Subsequently, we applied three batches of 10 single TMS pulses to the optimal FDI scalp position with ISI ≥7s and intensity of 120% of RMT. Each batch was separated by a 5-min pause. This procedure was then followed by a 40-s train of cTBS (600 stimuli, three pulses at 50Hz applied at a frequency of 5 Hz), following the paradigm introduced by Huang et al. (2005), to the same scalp position. After cTBS, further batches of 10 single TMS pulses were acquired, at 5-, 10-, 20-, 30-, 40-, 50-, 60-, 75-, 90-, 105-, and 120-min post-stimulation at the Boston site, and at 15, 30, 45, 60, 75, 90, and 120min at the Barcelona site. A schematic representation of study procedures is depicted in Figure Figure11A.

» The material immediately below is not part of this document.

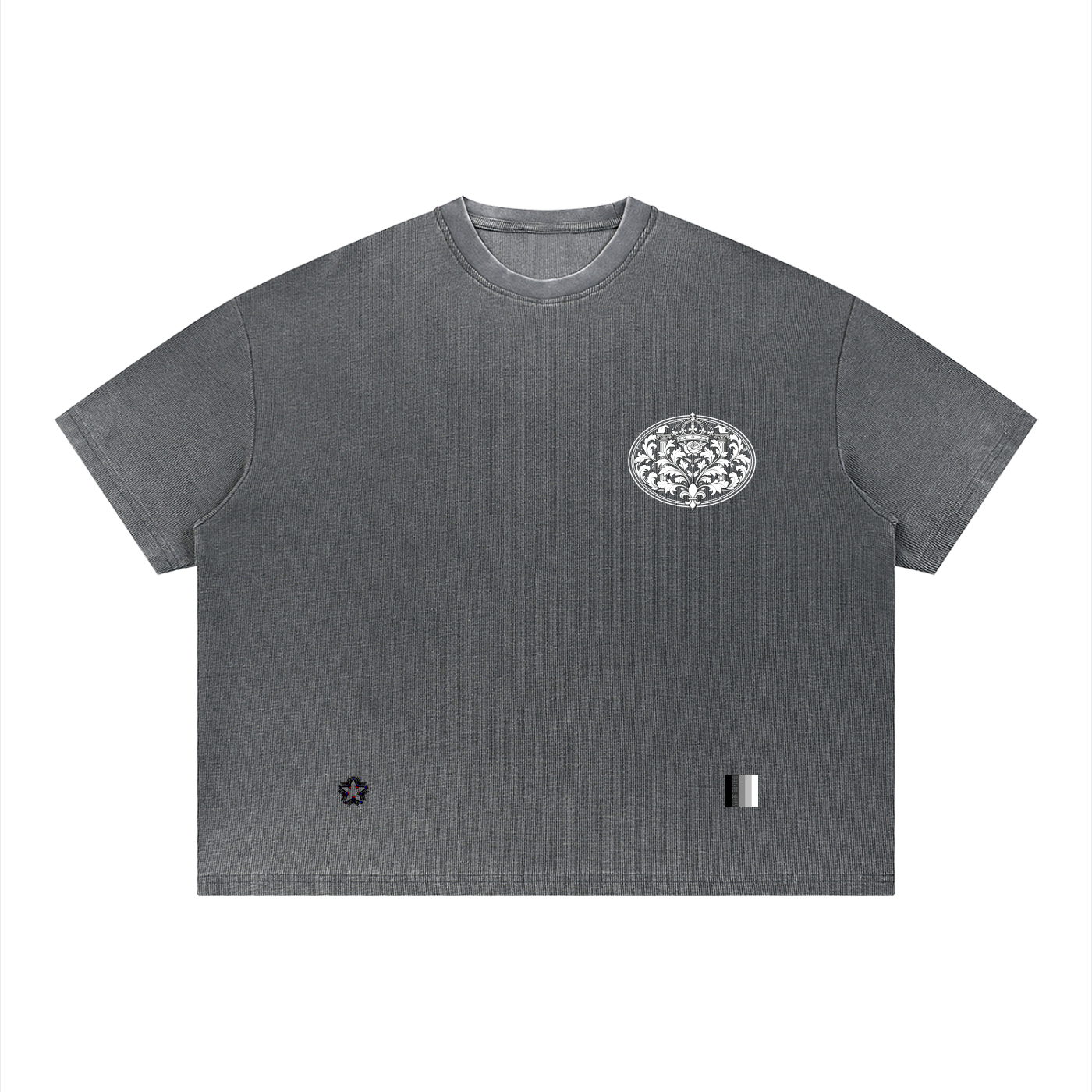 Unisex Vintage Wash Sunfade Boxy Waffle T-Shirt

All data analyses were conducted with MatLab (version 7.4.0). MEP amplitude at a given time-point was defined as the mean peak-to-peak amplitude of the 10 MEPs to single TMS pulses recorded in a given batch. For each participant, baseline MEP amplitude was then defined as the average peak-to-peak amplitude of the 30 recorded MEPs. Mean MEP amplitude at each acquisition time-point after cTBS was expressed as a proportion of baseline for each individual, defining an MEP threshold to represent the point at which post-cTBS MEP amplitude returned to the average MEP amplitude at baseline. Data were subsequently zeroed about the MEP threshold (i.e., MEP threshold was defined at zero on the dependent axis; Figure Figure11B).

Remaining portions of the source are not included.